* [WORK TASK]: Using the entries that follow, write out the line containing "Kentucky Farm Bureau Insurance gallery", the line containing "レオーネ早稲田の物件内観写真", and every line between them, exactly and nothing else.

───── LISTED ENTRIES

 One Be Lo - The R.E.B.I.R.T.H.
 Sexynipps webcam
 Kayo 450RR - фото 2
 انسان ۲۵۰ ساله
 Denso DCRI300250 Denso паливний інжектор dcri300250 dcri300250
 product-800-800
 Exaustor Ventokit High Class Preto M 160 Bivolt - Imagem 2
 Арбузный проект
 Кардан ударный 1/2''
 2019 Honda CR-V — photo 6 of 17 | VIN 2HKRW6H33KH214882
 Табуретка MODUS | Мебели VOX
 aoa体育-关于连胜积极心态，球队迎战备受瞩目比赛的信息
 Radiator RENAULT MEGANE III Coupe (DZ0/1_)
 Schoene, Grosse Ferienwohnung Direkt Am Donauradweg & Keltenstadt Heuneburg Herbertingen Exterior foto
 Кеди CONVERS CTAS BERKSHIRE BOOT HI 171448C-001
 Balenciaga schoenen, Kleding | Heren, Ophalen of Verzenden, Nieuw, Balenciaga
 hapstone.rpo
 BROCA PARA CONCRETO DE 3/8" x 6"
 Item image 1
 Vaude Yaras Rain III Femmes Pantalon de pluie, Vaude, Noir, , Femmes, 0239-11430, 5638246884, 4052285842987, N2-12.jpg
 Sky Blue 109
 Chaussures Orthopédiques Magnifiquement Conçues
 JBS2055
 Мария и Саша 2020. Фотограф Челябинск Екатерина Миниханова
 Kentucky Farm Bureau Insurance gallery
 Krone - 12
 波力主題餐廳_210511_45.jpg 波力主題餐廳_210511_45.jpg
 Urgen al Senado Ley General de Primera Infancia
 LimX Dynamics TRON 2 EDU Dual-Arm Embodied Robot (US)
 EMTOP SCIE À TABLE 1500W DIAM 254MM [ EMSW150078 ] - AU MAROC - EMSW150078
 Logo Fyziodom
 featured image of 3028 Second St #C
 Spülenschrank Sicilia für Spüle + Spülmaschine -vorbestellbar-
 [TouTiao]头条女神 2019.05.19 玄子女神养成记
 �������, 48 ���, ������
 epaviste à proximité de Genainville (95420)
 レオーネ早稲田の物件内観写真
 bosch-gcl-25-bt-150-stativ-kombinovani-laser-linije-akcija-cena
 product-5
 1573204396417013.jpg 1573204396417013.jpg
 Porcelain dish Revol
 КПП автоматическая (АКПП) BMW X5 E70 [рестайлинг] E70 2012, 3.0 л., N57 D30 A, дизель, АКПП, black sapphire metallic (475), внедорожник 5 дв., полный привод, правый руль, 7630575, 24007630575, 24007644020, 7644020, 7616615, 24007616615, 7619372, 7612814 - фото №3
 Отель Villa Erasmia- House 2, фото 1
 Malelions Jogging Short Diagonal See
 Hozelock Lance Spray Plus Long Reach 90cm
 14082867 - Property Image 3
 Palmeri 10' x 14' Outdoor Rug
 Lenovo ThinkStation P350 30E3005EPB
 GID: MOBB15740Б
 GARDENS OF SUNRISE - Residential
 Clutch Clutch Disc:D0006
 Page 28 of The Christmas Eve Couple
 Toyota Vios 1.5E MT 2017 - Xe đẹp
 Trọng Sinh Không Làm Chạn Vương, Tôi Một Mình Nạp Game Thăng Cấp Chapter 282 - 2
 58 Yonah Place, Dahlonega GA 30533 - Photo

──────────

* [RESPONSE AREA]:
 Kentucky Farm Bureau Insurance gallery
 Krone - 12
 波力主題餐廳_210511_45.jpg 波力主題餐廳_210511_45.jpg
 Urgen al Senado Ley General de Primera Infancia
 LimX Dynamics TRON 2 EDU Dual-Arm Embodied Robot (US)
 EMTOP SCIE À TABLE 1500W DIAM 254MM [ EMSW150078 ] - AU MAROC - EMSW150078
 Logo Fyziodom
 featured image of 3028 Second St #C
 Spülenschrank Sicilia für Spüle + Spülmaschine -vorbestellbar-
 [TouTiao]头条女神 2019.05.19 玄子女神养成记
 �������, 48 ���, ������
 epaviste à proximité de Genainville (95420)
 レオーネ早稲田の物件内観写真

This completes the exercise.